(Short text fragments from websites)
───

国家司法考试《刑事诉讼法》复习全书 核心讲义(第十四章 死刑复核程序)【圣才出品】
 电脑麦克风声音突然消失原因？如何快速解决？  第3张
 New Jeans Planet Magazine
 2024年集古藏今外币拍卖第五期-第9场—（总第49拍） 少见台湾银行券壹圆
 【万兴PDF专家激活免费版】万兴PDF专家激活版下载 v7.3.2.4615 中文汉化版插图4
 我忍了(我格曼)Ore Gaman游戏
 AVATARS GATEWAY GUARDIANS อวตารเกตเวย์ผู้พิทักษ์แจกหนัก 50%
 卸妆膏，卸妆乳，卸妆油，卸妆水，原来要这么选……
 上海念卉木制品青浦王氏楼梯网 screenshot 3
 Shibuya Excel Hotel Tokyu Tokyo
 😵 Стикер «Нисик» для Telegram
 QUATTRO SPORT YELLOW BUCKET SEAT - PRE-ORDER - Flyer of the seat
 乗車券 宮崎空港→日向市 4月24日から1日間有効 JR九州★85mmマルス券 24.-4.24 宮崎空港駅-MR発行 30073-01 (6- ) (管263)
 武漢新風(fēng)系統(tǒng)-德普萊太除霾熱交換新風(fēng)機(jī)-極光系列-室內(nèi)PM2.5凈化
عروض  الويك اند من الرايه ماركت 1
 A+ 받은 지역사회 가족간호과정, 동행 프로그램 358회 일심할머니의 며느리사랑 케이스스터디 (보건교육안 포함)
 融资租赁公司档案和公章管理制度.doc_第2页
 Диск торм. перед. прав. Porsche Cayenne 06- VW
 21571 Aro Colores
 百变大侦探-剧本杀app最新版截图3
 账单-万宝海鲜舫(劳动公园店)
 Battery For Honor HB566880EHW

───

**About this exercise:** Every line of the data above should be copied exactly.

**Written response:**
国家司法考试《刑事诉讼法》复习全书 核心讲义(第十四章 死刑复核程序)【圣才出品】
 电脑麦克风声音突然消失原因？如何快速解决？  第3张
 New Jeans Planet Magazine
 2024年集古藏今外币拍卖第五期-第9场—（总第49拍） 少见台湾银行券壹圆
 【万兴PDF专家激活免费版】万兴PDF专家激活版下载 v7.3.2.4615 中文汉化版插图4
 我忍了(我格曼)Ore Gaman游戏
 AVATARS GATEWAY GUARDIANS อวตารเกตเวย์ผู้พิทักษ์แจกหนัก 50%
 卸妆膏，卸妆乳，卸妆油，卸妆水，原来要这么选……
 上海念卉木制品青浦王氏楼梯网 screenshot 3
 Shibuya Excel Hotel Tokyu Tokyo
 😵 Стикер «Нисик» для Telegram
 QUATTRO SPORT YELLOW BUCKET SEAT - PRE-ORDER - Flyer of the seat
 乗車券 宮崎空港→日向市 4月24日から1日間有効 JR九州★85mmマルス券 24.-4.24 宮崎空港駅-MR発行 30073-01 (6- ) (管263)
 武漢新風(fēng)系統(tǒng)-德普萊太除霾熱交換新風(fēng)機(jī)-極光系列-室內(nèi)PM2.5凈化
عروض  الويك اند من الرايه ماركت 1
 A+ 받은 지역사회 가족간호과정, 동행 프로그램 358회 일심할머니의 며느리사랑 케이스스터디 (보건교육안 포함)
 融资租赁公司档案和公章管理制度.doc_第2页
 Диск торм. перед. прав. Porsche Cayenne 06- VW
 21571 Aro Colores
 百变大侦探-剧本杀app最新版截图3
 账单-万宝海鲜舫(劳动公园店)
 Battery For Honor HB566880EHW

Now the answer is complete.